The relationship between cortisol and testosterone plays a role in this phenomenon. The increase in cortisol levels caused by exercise tends to decrease testosterone levels. This could potentially explain the standing issue of libido observed in Hackney's study.
While several theories exist to explain these workout declines, in testosterone levels none seem to align with the long term effects of chronic overtraining examined in Hackney's study.
The research conducted by Hackney primarily focused on the impact of overtraining on libido. However it is reasonable to assume that these findings would also apply to women.
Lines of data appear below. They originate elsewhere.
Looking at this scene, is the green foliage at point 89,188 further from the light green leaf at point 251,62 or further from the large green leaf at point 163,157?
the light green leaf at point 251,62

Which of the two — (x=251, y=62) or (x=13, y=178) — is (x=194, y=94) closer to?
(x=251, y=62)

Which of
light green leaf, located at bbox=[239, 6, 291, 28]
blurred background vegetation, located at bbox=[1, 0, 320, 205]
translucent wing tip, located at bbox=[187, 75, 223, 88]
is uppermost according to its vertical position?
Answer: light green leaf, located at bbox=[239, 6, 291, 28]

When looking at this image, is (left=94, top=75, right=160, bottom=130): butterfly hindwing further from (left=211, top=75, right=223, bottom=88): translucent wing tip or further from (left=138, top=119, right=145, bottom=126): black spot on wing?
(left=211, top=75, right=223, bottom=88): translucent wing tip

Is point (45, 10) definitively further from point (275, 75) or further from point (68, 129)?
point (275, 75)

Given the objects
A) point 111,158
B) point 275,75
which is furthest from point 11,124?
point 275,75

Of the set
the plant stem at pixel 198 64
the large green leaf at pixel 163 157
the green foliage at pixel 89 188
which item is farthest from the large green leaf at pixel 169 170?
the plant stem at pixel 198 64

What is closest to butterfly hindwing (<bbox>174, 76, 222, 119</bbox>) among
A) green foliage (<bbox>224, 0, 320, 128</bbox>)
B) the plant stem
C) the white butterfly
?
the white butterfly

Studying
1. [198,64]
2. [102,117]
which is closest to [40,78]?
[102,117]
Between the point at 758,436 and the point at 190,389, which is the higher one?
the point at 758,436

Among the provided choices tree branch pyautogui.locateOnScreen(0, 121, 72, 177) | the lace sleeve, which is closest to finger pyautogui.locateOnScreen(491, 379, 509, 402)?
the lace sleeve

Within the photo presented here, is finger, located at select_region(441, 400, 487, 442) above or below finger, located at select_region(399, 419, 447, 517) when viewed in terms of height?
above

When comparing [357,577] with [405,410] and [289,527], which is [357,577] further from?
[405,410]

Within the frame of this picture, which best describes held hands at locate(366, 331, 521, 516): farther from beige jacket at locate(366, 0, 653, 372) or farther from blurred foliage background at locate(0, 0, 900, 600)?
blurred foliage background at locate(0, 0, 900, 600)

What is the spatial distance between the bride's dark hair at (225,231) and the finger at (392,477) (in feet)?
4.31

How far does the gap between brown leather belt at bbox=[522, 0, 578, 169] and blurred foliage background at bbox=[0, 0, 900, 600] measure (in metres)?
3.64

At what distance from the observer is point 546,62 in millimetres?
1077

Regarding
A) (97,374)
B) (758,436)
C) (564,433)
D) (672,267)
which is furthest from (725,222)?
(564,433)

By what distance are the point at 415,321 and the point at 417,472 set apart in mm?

Although most studies examining libido and arousal mainly investigate the effects of exercise sessions they aim to understand how exercise affects the response of female genitalia. These studies typically focus on exercise periods less than 45 minutes, rather than the prolonged and intense daily training routines associated with activities like CrossFit or marathon running.
In cases where women engage in overtraining a common issue is the disruption of the /hypothalamic axis. This disruption leads to decreased levels of testosterone and estrogen to what's observed in men. Additionally when body fat drops below a threshold ( around 11%) menstruation can cease and sexual desire may be replaced by an interest in therapeutic devices such as vibrating foam rollers.
Moreover musculoskeletal factors, like floor function can influence the well being of women who engage in chronic overtraining. After childbirth some women may experience a weakening of their floor muscles, which can make sexual intercourse less pleasurable.
On the side excessive training can cause tightness in the floor muscles leading to discomfort during sexual intercourse.
To address this issue it is important to relax and train the floor muscles. Women can achieve this through exercises and techniques. Once the pelvic floor regains its balance sexual pleasure tends to improve.
What to do about decreased libido due to exercise?
If intense and excessive exercise is negatively impacting your sex drive one possible solution is to reduce the intensity. Dr. Hackney suggests that while exercise can initially enhance libido pushing beyond a threshold may actually decrease it—a phenomenon he aptly refers to as the "inverted U" effect.
Experts generally recommend limiting high intensity workouts to CrossFit to around three times per week. Additionally taking a break from training can help reset the hypothalamic/ axis. However for those who're highly committed to their workout routines this may be easier said than done.
Alternatively there are ways to counteract the effects of training on libido. Ensuring sleep and proper nutrition should be a given. Men may also consider using supplements like Alpha, which can provide an increase in testosterone levels.
Ultimately it is important to strike an equilibrium, between activity and sexual desire. While engaging in exercise can positively impact one's responsiveness pushing oneself hard or, for too long, could potentially diminish libido. It is vital to have an understanding of one's body and its limitations to ensure the maintenance of a healthy and gratifying sex life.